📘 3 Levels of Data Abstraction in DBMS
(from the ANSI/SPARC model)
Data abstraction in DBMS is implemented using three levels:
External Level, Conceptual Level, and Internal Level
Each level hides certain details from the one above it to simplify interaction and isolate complexity.
🧱 1️⃣ Internal Level — Physical Level (Lowest)
🔍 What it is:
-
Describes how data is physically stored in memory (disk blocks, file formats, indexing).
-
Closest to the operating system and storage hardware.
📦 Example:
-
Rows stored in
.dbfiles -
Use of B+ trees, hash indexes, compression, page size
-
Whether storage engine is row-store or column-store
✅ Hidden from:
-
End users
-
Application developers
🧠 Interview Tip:
Changes here (e.g., how data is indexed) don’t affect queries — thanks to abstraction.
🧱 2️⃣ Conceptual Level — Logical Level (Middle)
🔍 What it is:
-
Describes the entire logical structure of the database.
-
Defines all entities, attributes, data types, relationships, and constraints.
-
This is where the schema lives.
📦 Example:
Table: Employees
- id INT PRIMARY KEY
- name VARCHAR(100)
- dept_id INT FOREIGN KEY- Doesn’t care how data is stored — just what exists.
✅ Hidden from:
- How data is stored physically (internal level)
🧠 Interview Tip:
If the schema changes (like adding a column), it doesn’t break the views at the external level — unless they rely on that column.

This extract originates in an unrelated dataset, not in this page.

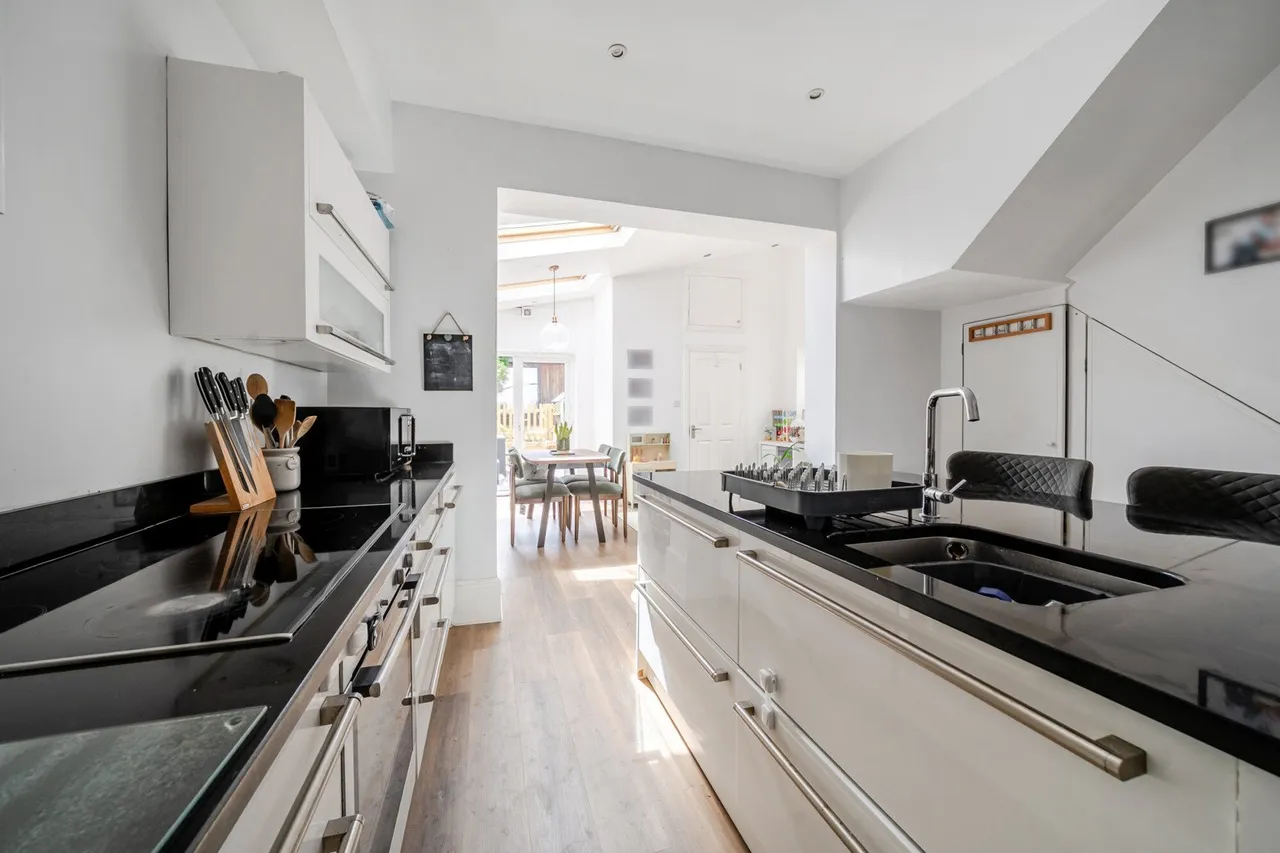 Birkbeck Road, BR3, photo 12
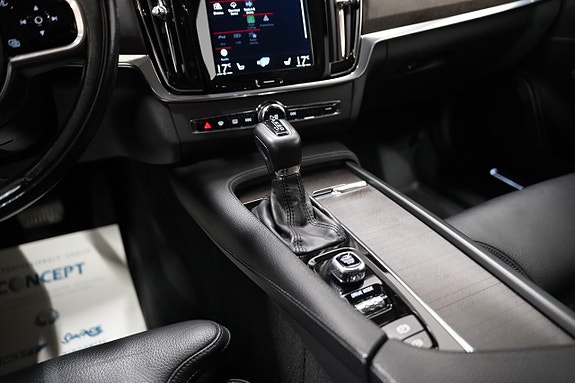 Volvo V90 Cross Country 18 of 25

🧱 3️⃣ External Level — View Level (Top)
🔍 What it is:
-
Defines how individual users or applications view the data.
-
Can have multiple external views for different roles/users.
-
Implements subschemas and access control.
📦 Example:
-
HR app sees:
name,salary -
Intern app sees: only
name -
Executives see: analytics summaries via a
VIEW
✅ Hides:
-
Complexity of schema and storage
-
Sensitive columns (e.g., salaries, passwords)
🖼️ Summary Table:
| Level | Description | Who Uses It | What It Hides |
|---|---|---|---|
| External | What a user or app sees (views) | End Users, Apps | Schema + Physical storage |
| Conceptual | What the whole DB looks like (schema) | DB Designers | Physical storage |
| Internal | How data is actually stored (files/indexes) | DBMS Engine, Admins | Everything above it sees only logic |
🔁 Interaction Between Levels:
User Query (External View)
↓
Conceptual Schema (Logical Mapping)
↓
Internal Schema (Actual Storage Access)
🧠 Interview Line:
“The three levels of data abstraction in DBMS are: Internal Level (physical storage), Conceptual Level (logical schema), and External Level (user views). This separation allows flexibility, security, and simplified user interaction with complex data systems.”